(Stored items from a collection)
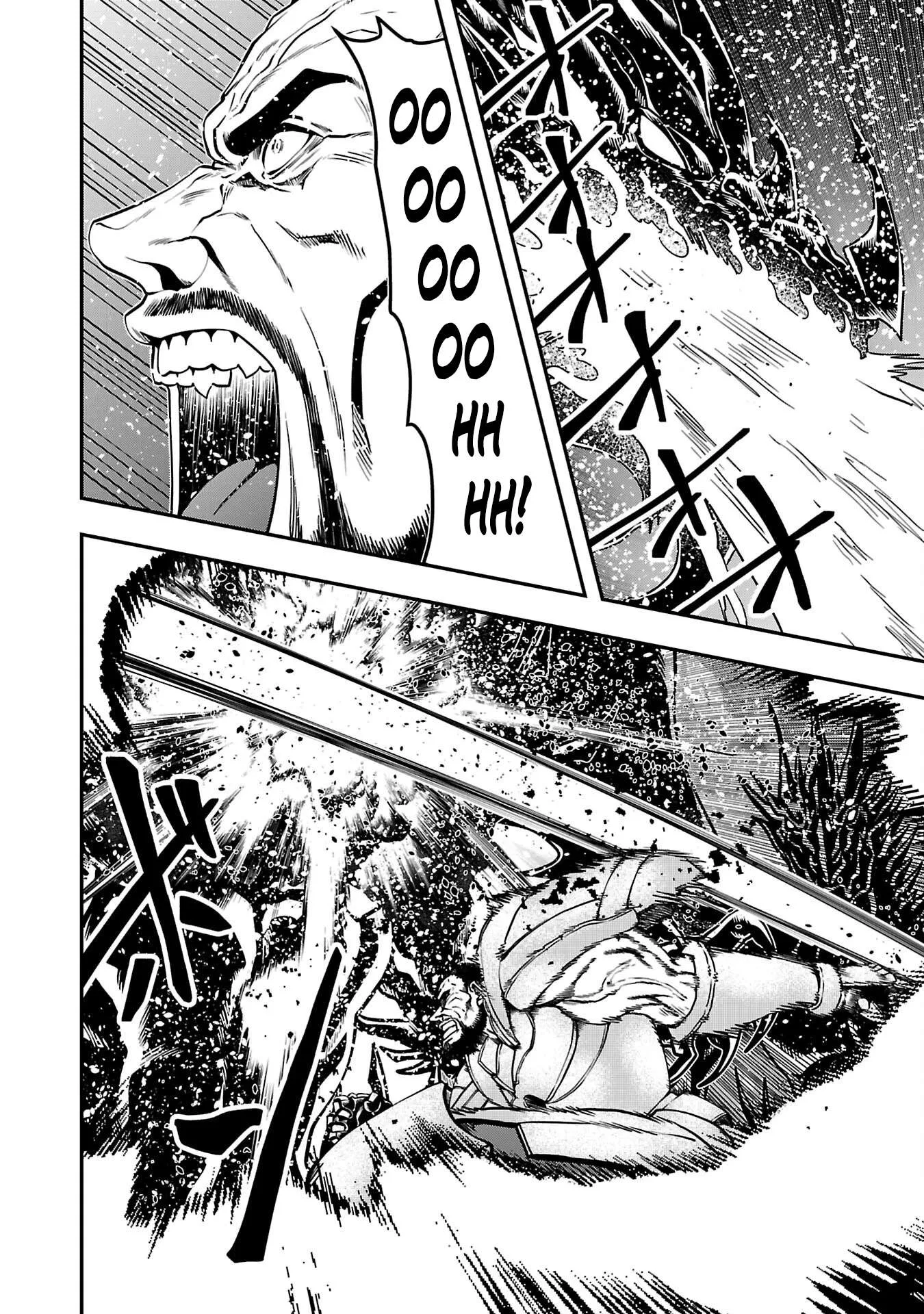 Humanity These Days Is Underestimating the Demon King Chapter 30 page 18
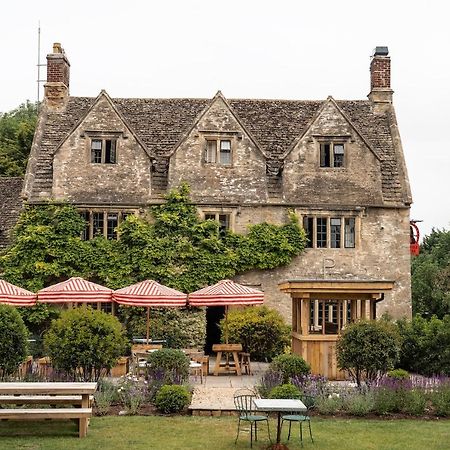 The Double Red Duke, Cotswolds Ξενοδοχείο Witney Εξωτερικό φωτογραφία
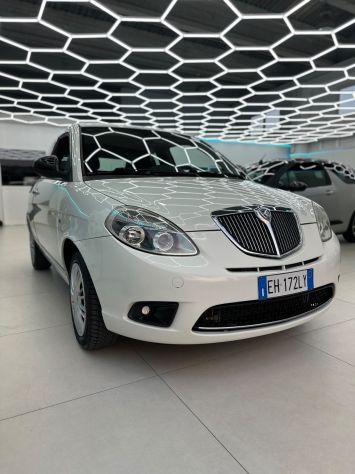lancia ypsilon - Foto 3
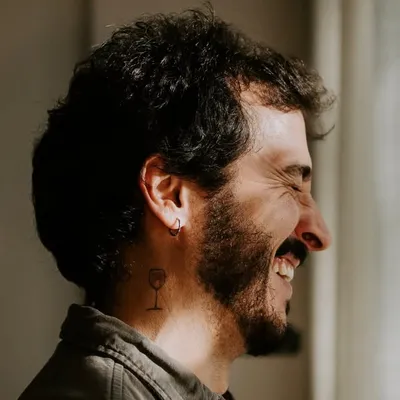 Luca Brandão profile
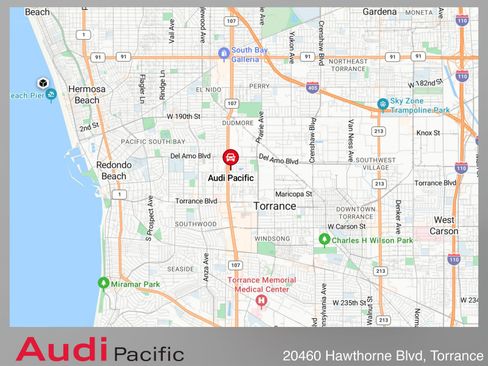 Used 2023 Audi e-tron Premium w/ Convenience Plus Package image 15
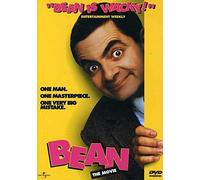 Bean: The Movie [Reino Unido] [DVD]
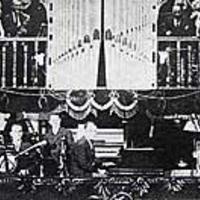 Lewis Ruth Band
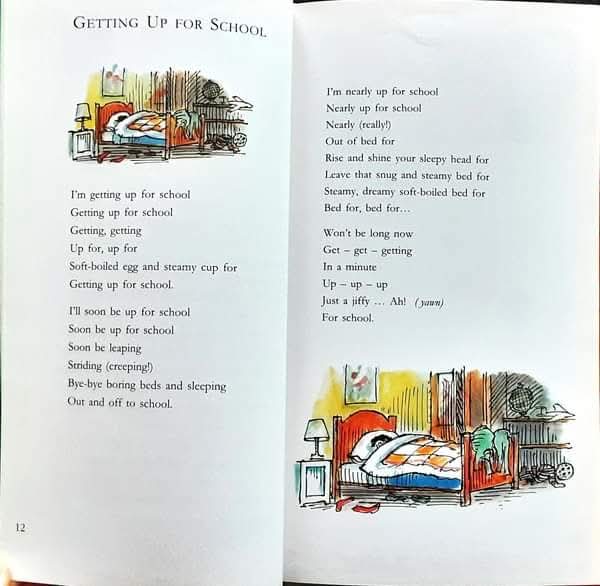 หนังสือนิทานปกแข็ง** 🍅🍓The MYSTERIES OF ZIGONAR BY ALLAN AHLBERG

**What is needed**
Reproduce the lines from the one with "Lewis Ruth Band" through the end of the data, keeping both end lines, adding nothing, and dropping any pictures.

**Answer section**
 Lewis Ruth Band
 หนังสือนิทานปกแข็ง** 🍅🍓The MYSTERIES OF ZIGONAR BY ALLAN AHLBERG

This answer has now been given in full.